The key differences between Claude and ChatGPT lie in how conversation history is retrieved and how user memory is updated and maintained.

User Memories

In Claude, user memories form a long-term context layer similar in purpose to ChatGPT’s user memory, but with a stronger emphasis on automatic, background-driven updates. These memories are stored in a structured format (wrapped in XML-style tags) and are designed to evolve gradually over time with minimal user intervention.

Claude supports two update paths:

  • Implicit updates — The system periodically analyzes conversation content and updates memory in the background. These updates are not applied in real time, and memories associated with deleted conversations are gradually pruned as part of ongoing optimization.
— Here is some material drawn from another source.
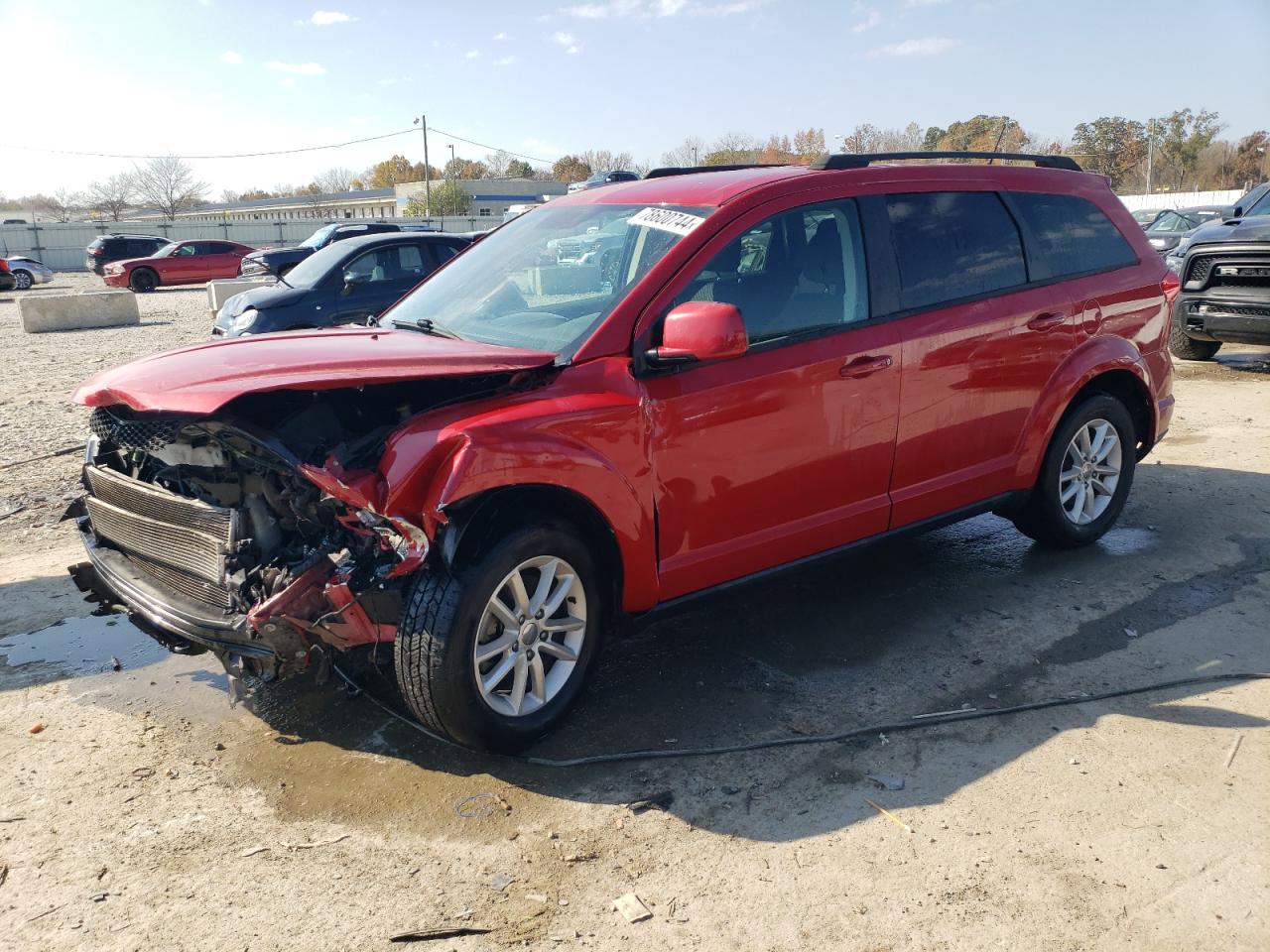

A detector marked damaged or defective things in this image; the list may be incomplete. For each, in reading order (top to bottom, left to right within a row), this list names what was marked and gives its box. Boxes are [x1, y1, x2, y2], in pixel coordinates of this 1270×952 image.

  • Explicit updates — Users can directly manage memory through commands such as “remember this” or “delete this,” which are executed via a dedicated memory_user_edits tool.

Compared with ChatGPT, Claude places greater responsibility on the system itself to refine, update, and prune long-term memory. This reduces the need for users to actively curate what is stored.

Conversation History

For conversation history, Claude does not rely on a fixed summary that is injected into every prompt. Instead, it retrieves past context only when the model decides it is necessary, using three distinct mechanisms. This avoids carrying irrelevant history forward and keeps token usage under control.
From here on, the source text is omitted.